Linux with shared-memory: both Open-MPI and MPICH should work just fine. If you want a release version that supports all of MPI-3 or MPI_THREAD_MULTIPLE, you probably need MPICH though, unless you build Open-MPI yourself, because e.g. Ubuntu 16.04 only provides the ancient version 1.10 via APT. I am not aware of any significant performance differences between the two implementations. Both support single-copy optimizations if the OS allows them.
Linux with Mellanox InfiniBand: use Open-MPI or MVAPICH2. If you want a release version that supports all of MPI-3 or MPI_THREAD_MULTIPLE, you likely need MVAPICH2 though. I find that MVAPICH2 performs very well but haven't done a direct comparison with OpenMPI on InfiniBand, in part because the features for which performance matters most to me (RMA aka one-sided) have been broken in Open-MPI in the past.
Linux with Intel Omni Path (or its predecessor, True Scale): I have use MVAPICH2, Intel MPI, MPICH and Open-MPI on such systems, and all are working. Intel MPI tends to the most optimized while Open-MPI delivered the best performance of the open-source implementations because they have a well-optimized PSM2-based back-end. I have some notes on GitHub on how to build different open-source implementations, but such information goes stale rather quickly.
Cray or IBM supercomputers: MPI comes installed on these machines automatically and it is based upon MPICH in both cases. There have been demonstrations of MPICH on Cray XC40 (here) using OFI, Intel MPI on Cray XC40 (here) using OFI, MPICH on Blue Gene/Q using OFI (here), and Open-MPI on Cray XC40 using both OFI and uGNI (here), but none of these are vendor supported.

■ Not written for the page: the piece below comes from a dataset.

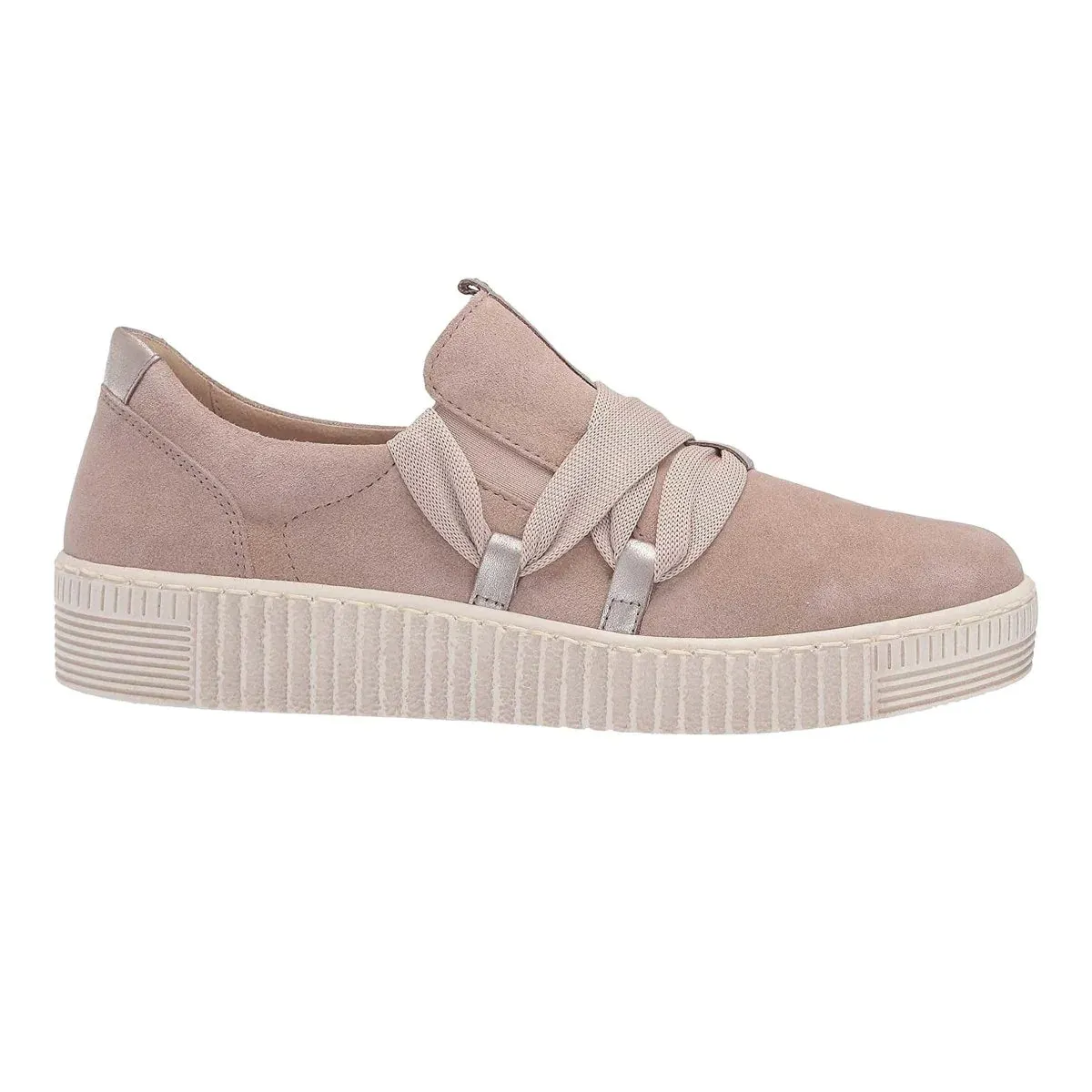 GABOR 43.333.12 BEIGE SILK SUEDE LACE UP SNEAKER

Windows: I see no point in running MPI on Windows except through a Linux VM, but both Microsoft MPI and Intel MPI support Windows and are MPICH-based. I have heard reports of successful builds of MPICH or Open-MPI using Windows Subsystem for Linux but have no personal experience.
Notes
In full disclosure, I currently work for Intel in a research/pathfinding capacity (i.e. I do not work on any Intel software products) and formerly worked for Argonne National Lab for five years, where I collaborated extensively with the MPICH team.
If you do development rather than production system, go with MPICH. MPICH has built-in debugger, while Open-MPI does not last time I checked.

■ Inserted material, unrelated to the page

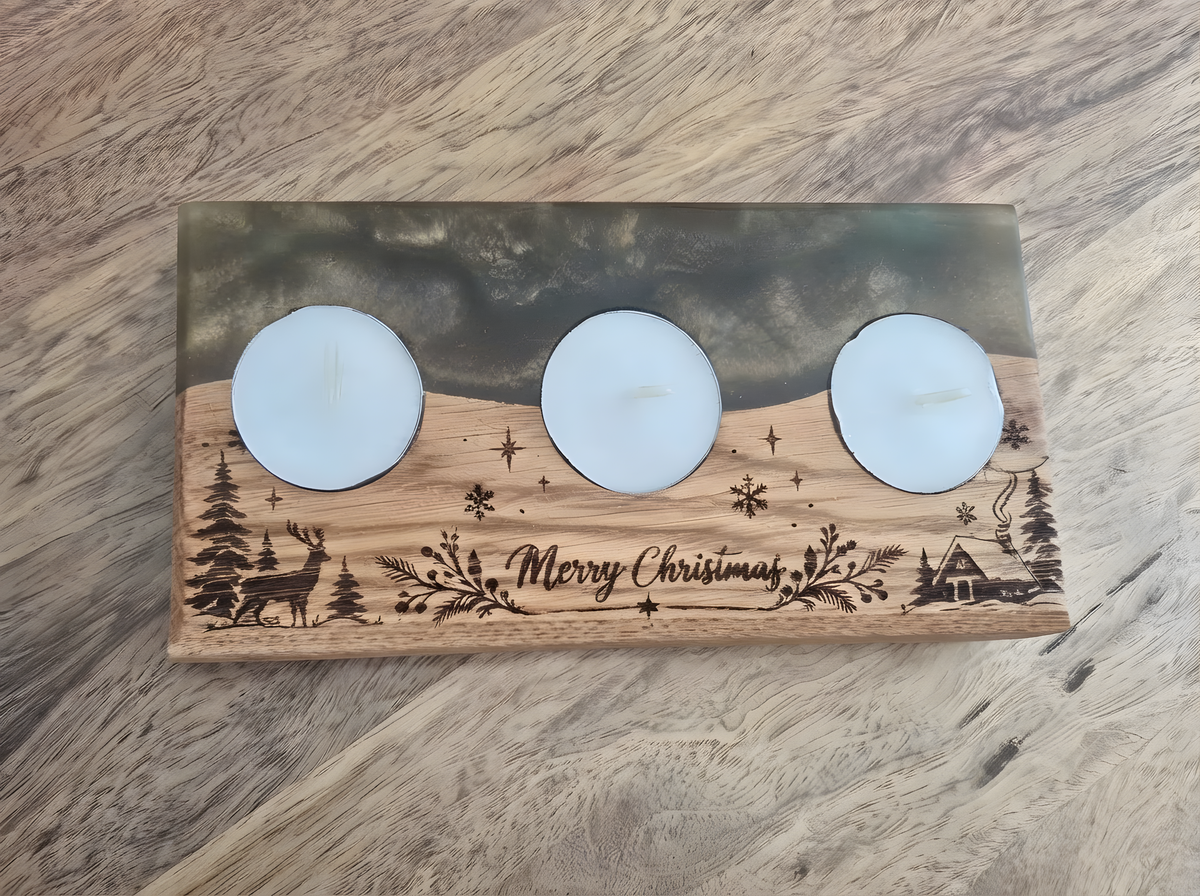 Solid Oak & Epoxy Resin Christmas Tealight Holder (90x190mm) – Engraved Holiday Decor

In production, Open-MPI most likely will be faster. But then you may want to research other alternatives, such as Intel MPI.

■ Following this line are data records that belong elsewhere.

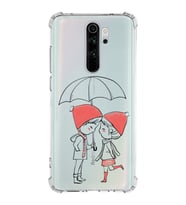 Xiaomi Redmi Note 8 Pro Köşe Korumalı Antişok Kapak Aşk Tasarımlı Şeffaf Silikon Kılıf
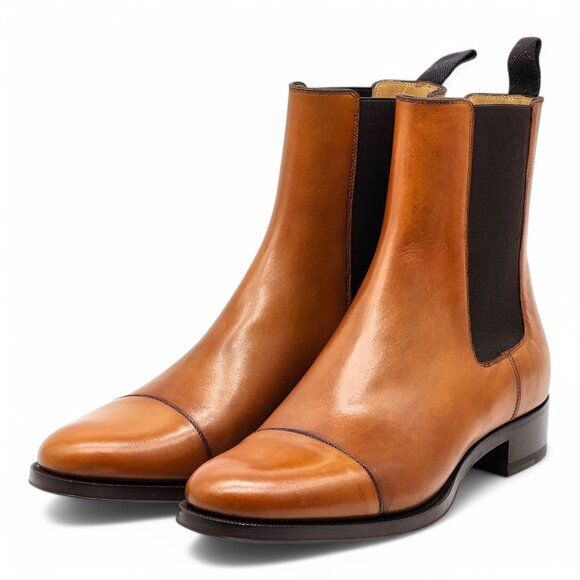 Christian Louboutin Antonio Chelsea Leather Boots - Brown EU 41.5 / US 8.5 $1350 - Picture 4 of 9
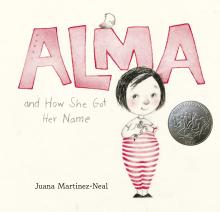 book cover with a little girl and book title Alma and How She Got Her Name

I concur with the previous poster. Try both to see which one your application runs faster on then use it for production. They are both standards compliant. If it is your desktop either is fine. OpenMPI comes out of the box on Macbooks, and MPICH seems to be more Linux/Valgrind friendly. It is between you and your toolchain.
If it is a production cluster you need to do more extensive benchmarking to make sure it is optimized to your network topology. Configuring it on a production cluster will be the main difference in terms of your time as you will have to RTFM.
Both are standards-compliant, so it shouldn't matter which you use from a correctness point of view. Unless there is some feature, such as specific debug extensions, that you need, then benchmark both and pick whichever is faster for your apps on your hardware. Also consider that there are other MPI implementations that might give better performance or compatibility, such as MVAPICH (can have the best InfiniBand performance) or Intel MPI (widely supported ISVs). HP worked hard to get their MPI qualified with lots of ISV codes too, but I'm not sure how it is faring after being sold on to Platform...
From my experience one good feature that OpenMPI supports but MPICH does not is process affinity. For example, in OpenMPI, using -npersocket you can set the number of ranks launched on each socket. Also, OpenMPI's rankfile is quite handy when you want to pinpoint ranks to cores or oversubscribe them.
Last, if you need to control the mapping of ranks to cores, I would definitely suggest writing and compiling your code using OpenMPI.